Why are these types of private equity desirable?
Well as they are providing essential services, even though there is not much room for potential growth, it is a low-risk investment. This means you as an investor can rely upon steady and stable returns.
Additionally, infrastructure funds allow more flexibility in where your money lies, meaning it is better protected in an often volatile market.
Distressed Private Equity
More and more on the news, we hear of companies facing hard times being bailed out at the last minute by private investors.
These types of private equity are known as distressed private equity.
Getting involved in distressed private equity will require a wide range of skills on the behalf of the private equity fund involved. Not only the standard business acumen is necessary but an understanding of bankruptcy laws and capital and credit structure among other areas of expertise may be called upon.

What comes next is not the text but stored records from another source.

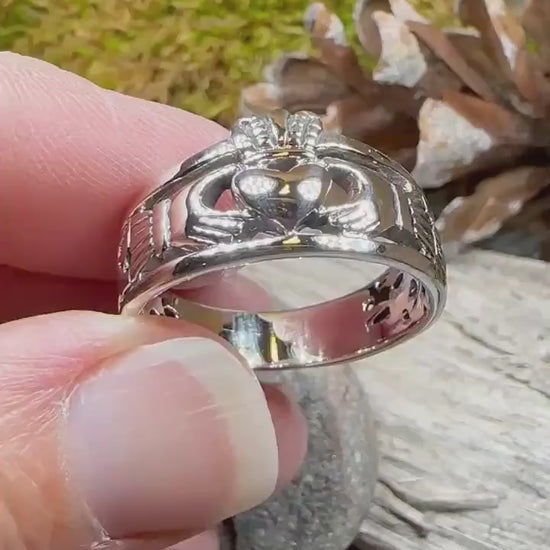 Celtic Ring, Irish Wedding Ring, Men's Claddagh Ring, Large Irish Ring, Promise Ring, Anniversary Gift, Silver Wedding Band, Ireland Gift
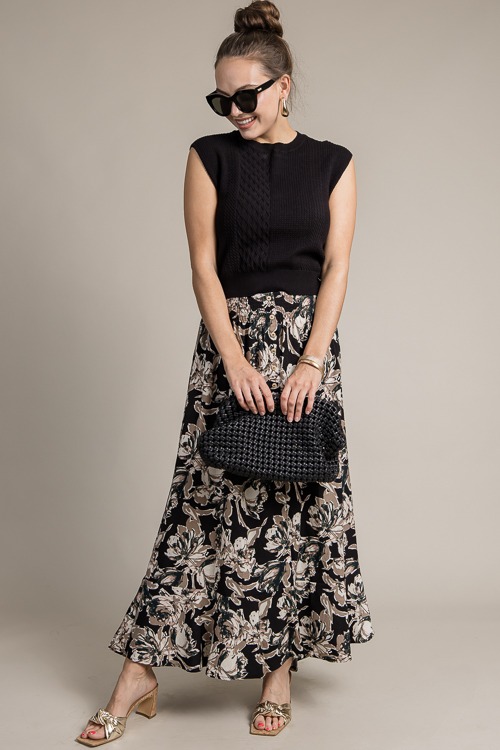 Printed Button Up Maxi Skirt, Black - 4K7A9523.jpg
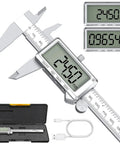 Go-To 6 Inch Digital Caliper With Rechargeable Battery, Big LCD Screen, Stainless Steel Measuring Tool with case and cable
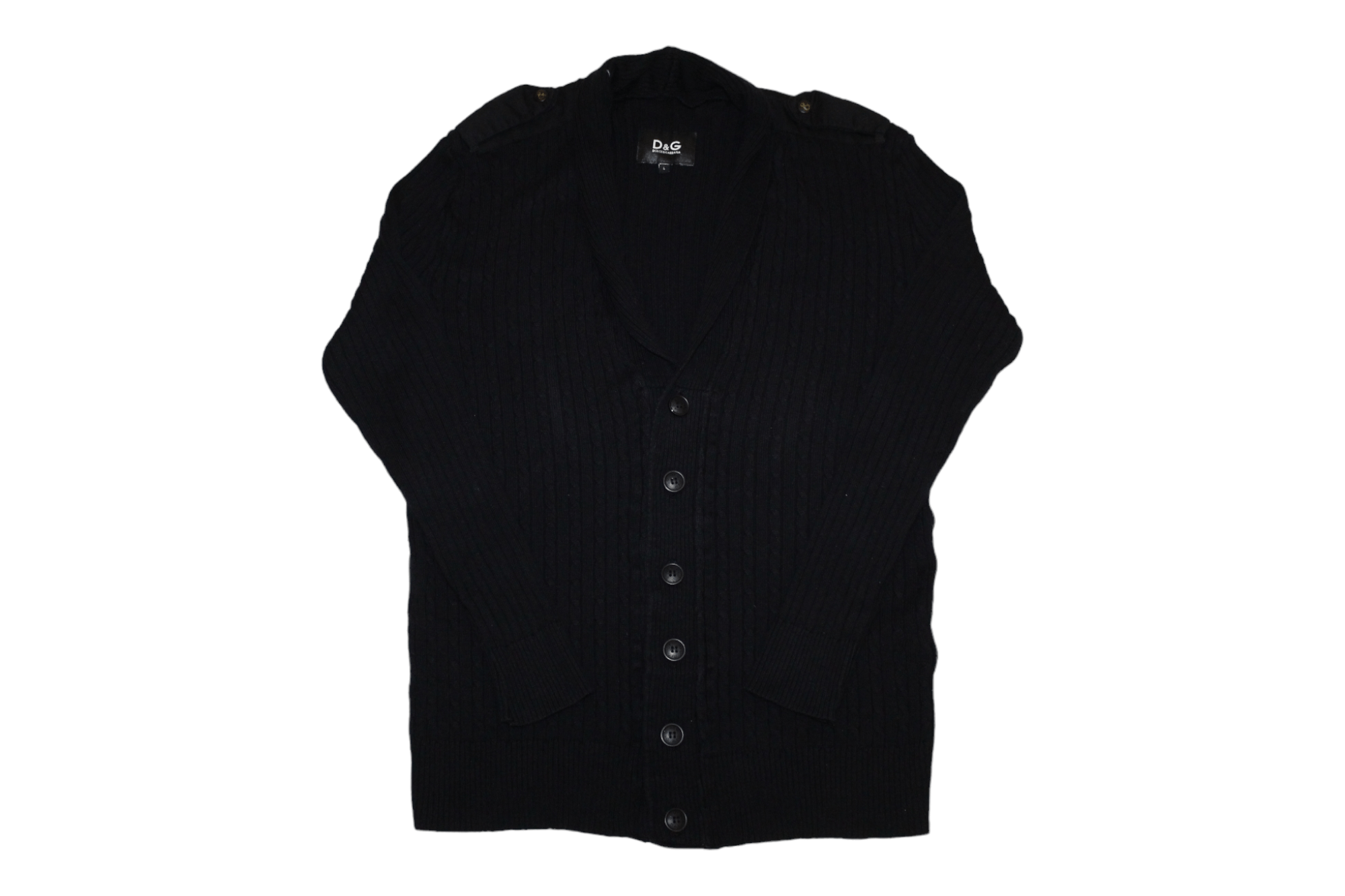 Dolce & Gabbana Dolce & Gabbana Cable Knit Acrylic Viscose Shawl Cardigan Size US L / EU 52-54 / 3 - 1 Thumbnail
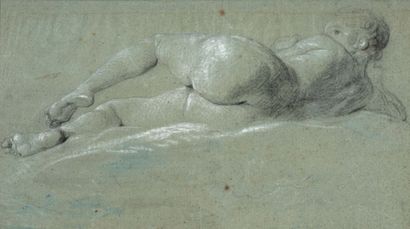 École FRANÇAISE du XVIIIe siècle 
从背面看裸体

背面：红色粉笔的裸体素描

蓝纸上的黑石和白色亮点

27 x 48,5 cm



证据...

So why would someone choose to invest in a company going through major difficulties?
Mainly because the purchase value becomes so low that they can make a massive profit from turning fortunes around. Any future sale or even going public can make distressed private equity extremely lucrative.
Examples: The trainer brand Converse filed for bankruptcy at the turn of the millennium and was saved by Footwear Aquisition Inc for $117.5 million. They later sold it to Nike in 2003 for $305 million.
Clarity on the Different Types of Private Equity
Deciding where to invest your money, is one of the decisions in life that can have the most ramifications for you or your clients future.
For that reason, we hope that this deep dive into the different types of private equity has left you with a clear idea about the available options.